He continued straight down the path, bypassing the fork that would take them back toward the attacker's body. Later, if they insisted, he supposed he'd have to point them in the right direction, but he'd much rather let the body sit out there and rot. Serve the bastard right. Abducting an innocent woman, attacking both him and Kate twice, trying to kill them both...letting the animals pick him apart was nothing more than what he deserved.

The noises seemed to be coming from somewhere to his right. Maybe it was the body, he thought. Maybe whatever the hell that thing was, it had found the attacker's body and was currently ripping it to shreds. He felt a dark gleam of pleasure at the thought.

He stumbled to an abrupt halt, right in the middle of the path. They were gone. Kate and the woman both had disappeared. He muttered a violent curse, something akin to terror taking root deep in his chest. Not now. Not when there was an end in sight, he thought. "They're not here," he said needlessly.

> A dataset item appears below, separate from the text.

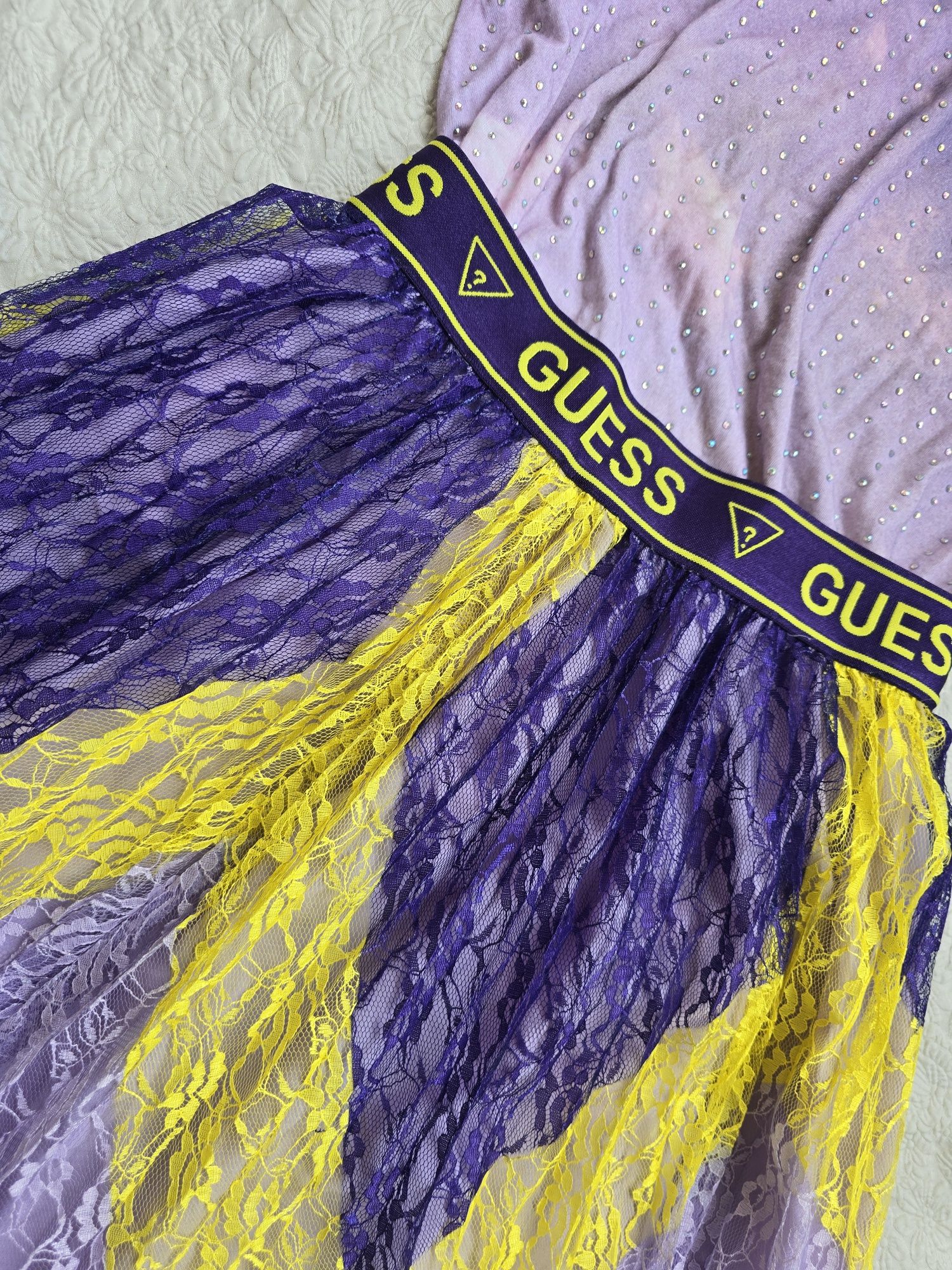 Комплект с пола Guess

"Are you sure this is the right path?" Jack asked from behind him. "Maybe you got turned around in the jungle—"

"It's not the wrong path, Jackass," Sawyer muttered, spinning around and fixing Jack with a furious glare. "You see all that?" he asked, pointing to the end of the path where the rain had obscured, but not yet obliterated, the trampled ground in front of the large tree. The thin branches the woman had been tied with were scattered across the ground, but there was no sign of either her or Kate.

It wasn't until he ran up to the tree that he saw the drag marks.


Kate huddled in the bushes, pressing the shirt against the woman's wound, her eyes glued ahead of her. She clutched the knife in her free hand, prepared to strike out at anything that came near her. She ignored the corner of her mind that wondered how in the hell she was supposed to fight something so big, something she couldn't even see. It didn't matter that no one had ever seen it; she knew something was out there. She knew something had mangled the pilot's body, and she was prepared to use any means necessary to defend herself and the innocent woman.

She squinted against the slash of the rain, listening tensely as it moved closer, then further away, then closer again. It was searching for something, she realized.

Just go away, she pleaded silently, hating the weakness that seeped through her, hating that she was close to tears. She was supposed to be strong. She was supposed to be able to hold it together. Through all her months on the run she'd never once let herself cry. But the island was wreaking havoc with her senses, her emotions. Since the crash, she hadn't been able to control her feelings, and she hated it.

Suddenly branches snapped and broke only a few feet from her. She whirled around, a scream escaping her lips. She swung the knife wildly in front of her as something crashed to the ground. And then it was quiet, eerily so, the slashing rain lightening to a heavy mist. No creatures moved, no voices called out.

She wondered if she'd ever felt so alone.

She turned back to Christine, lifting the shirt and checking her shoulder. It was still bleeding sluggishly. Cursing under her breath, wondering just how much blood she'd lost, Kate wrapped the shirt around her shoulder as tight as she could, tucking the ends in to secure them, and jumped back to her feet. She had to know. The crash she'd heard moments ago, before everything had gone silent. Something had hit the ground, and she had to know what it was. That same nagging corner of her mind warned her that she wasn't going to like it, but she couldn't make herself stop.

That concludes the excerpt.